SUPPLIED DATA:

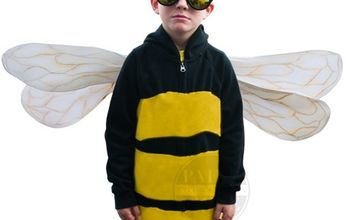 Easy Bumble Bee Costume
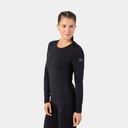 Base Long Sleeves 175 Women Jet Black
==
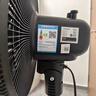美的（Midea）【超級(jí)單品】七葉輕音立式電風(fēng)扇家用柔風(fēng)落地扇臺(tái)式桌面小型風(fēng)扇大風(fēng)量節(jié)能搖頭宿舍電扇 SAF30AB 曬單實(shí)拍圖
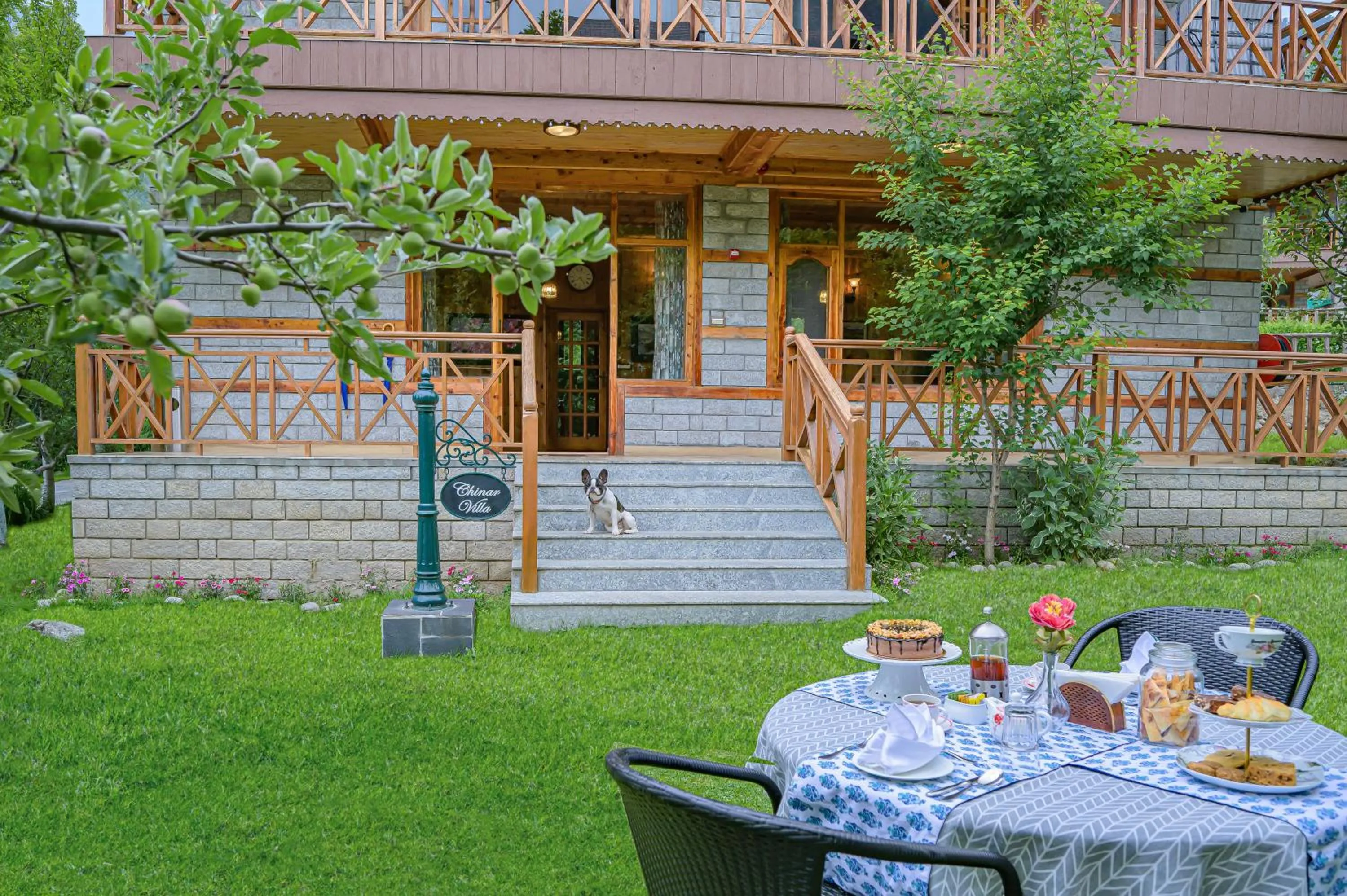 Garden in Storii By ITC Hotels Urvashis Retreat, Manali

WHAT YOU NEED TO DO:
Beginning with the line that contains "Easy Bumble Bee Costume", write out the lines of the material above exactly, and end with the line that contains "Base Long Sleeves 175 Women Jet Black". Omit the pictures.

SOLUTION:
 Easy Bumble Bee Costume
 Base Long Sleeves 175 Women Jet Black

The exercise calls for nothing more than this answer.